"It was impossible to blame her--and I said so.
"She then confessed the deception which she had practiced on Miss Ladd. 'I have a cousin,' she said, 'who was a Miss Jethro like me. Before her marriage she had been employed as a governess. She pitied me; she sympathized with my longing to recover the character that I had lost. With her permission, I made use of the testimonials which she had earned as a teacher--I was betrayed (to this day I don't know by whom)--and I was dismissed from Netherwoods. Now you know that I deceived Miss Ladd, you may reasonably conclude that I am likely to deceive You.'
"I assured her, with perfect sincerity, that I had drawn no such conclusion. Encouraged by my reply, Miss Jethro proceeded as follows.
"'Four years ago, I was living near Cowes, in the Isle of Wight--in a cottage which had been taken for me by a gentleman who was the owner of a yacht. We had just returned from a short cruise, and the vessel was under orders to sail for Cherbourg with the next tide.
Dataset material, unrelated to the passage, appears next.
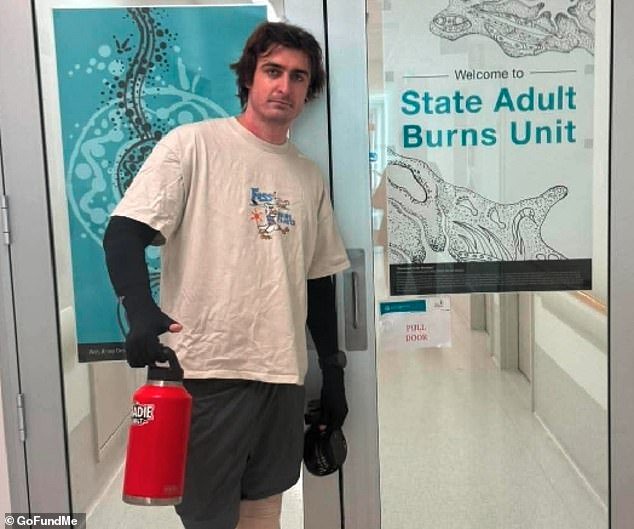 Miracle update for Aussie tradie who nearly died after his robot vacuum exploded inside his home – as he leaves hospital for the first time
"'While I was walking in my garden, I was startled by the sudden appearance Of a man (evidently a gentleman) who was a perfect stranger to me. He was in a pitiable state of terror, and he implored my protection. In reply to my first inquiries, he mentioned the inn at Zeeland, and the dreadful death of a person unknown to him; whom I recognized (partly by the description given, and partly by comparison of dates) as Mr. James Brown. I shall say nothing of the shock inflicted on me: you don't want to know what I felt. What I did (having literally only a minute left for decision) was to hide the fugitive from discovery, and to exert my influence in his favor with the owner of the yacht. I saw nothing more of him. He was put on board, as soon as the police were out of sight, and was safely landed at Cherbourg.'
"I asked what induced her to run the risk of protecting a stranger, who was under suspicion of having committed a murder.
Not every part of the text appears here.